The anti-terrorism bill that was approved unanimously by the House Judiciary Committee Oct. 3 would force the attorney general to release illegal aliens detained during the department’s terrorism investigation after only seven days unless the Justice Department could establish one of three conditions in federal court.
- The first would be to charge the illegal alien with a non-immigration-related crime – for which probable cause would have to be presented in court – and to ask the judge not to release the suspect on bail.
- The second would be to demonstrate to a federal judge that the illegal alien was a material witness to a criminal case and was a threat to flee.
- The third would be for the attorney general to “certify” that there are “reasonable grounds” to believe that the illegal alien is involved in terrorism, a certification that the illegal alien could immediately challenge in court.
There is a major problem with this last option: If the only evidence the Justice Department has to demonstrate “reasonable grounds” that an illegal alien is involved in terrorism comes from foreign intelligence sources – or even friendly foreign intelligence agencies – it would be difficult, maybe impossible, and certainly imprudent and injurious to the U.S. war effort to use that evidence in court.
For example, if the Saudi or Egyptian governments, which are now under pressure from domestic Islamic extremists, had covertly provided the Justice Department with the only evidence that demonstrates an illegal alien was an agent of Osama bin Laden’s al-Qaida organization, how could the department present this information to a court without compromising the foreign government or its intelligence sources?
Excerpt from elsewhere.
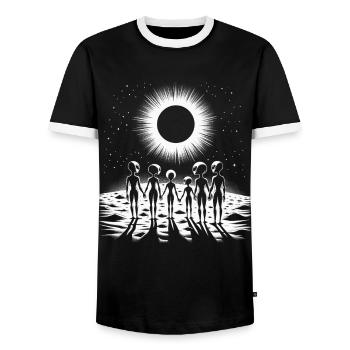 Silhouette Cosmique Cercle Familial - T-shirt contrasté Homme - noir/blanc - Devant - AI Model Female 172 light (172cm) & AI Model Male 178 light (178cm)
Because of difficulties such as this, the Justice Department had asked for a law that would allow it to detain illegal aliens for as long as deportation proceedings against these aliens may run.
Additionally, Atty. Gen. John Ashcroft argued in congressional testimony that it would sometimes be necessary to detain suspect aliens against whom terrorism charges could not be brought – not because there wasn’t evidence that they were terrorists, but because revealing that evidence would compromise the ongoing investigation to round up other terrorists still at large.
The bottom line: On the issue of whether the Justice Department can detain illegal aliens suspected of terrorism, the only real difference between the law as it stood before Sept. 11, and the law as it will stand if the House of Representatives has its way, is that before Sept. 11 the Justice Department could keep a suspect illegal alien for two days before going to a federal court. Now it would be able to keep him for seven days.
Even so, the House bill sunsets automatically after two years – which means the two-day deadline will snap back into place in 2003, when America may still be deeply at war with terrorists and the Justice Department may still be in the midst of an investigation aimed at rolling up agents of al-Qaida planted here with orders to kill Americans.
The illegal alien detention provisions in the Democrat-controlled Senate version of the anti-terrorism bill are essentially the same as those in the House version, although the Senate is not insisting on sunsetting the provisions.
As a House Judiciary Committee aide explains it, the House bill will allow Justice to keep an alien for seven days for any reason. Then, he said, Justice would have to file some kind of criminal charge, which could include an immigration charge, in order to hold the alien longer. The alien could then go to the U.S. District Court for the District of Columbia, which would require the government to show “reasonable grounds” for its decision to certify the alien as a terrorist suspect. It would then be up to the court to decide if the government met this standard and whether or not to release the alien.
The Judiciary Committee aide argued that the House bill is a big improvement over the current system, which allows both more discretion and many more courts to intervene in such cases.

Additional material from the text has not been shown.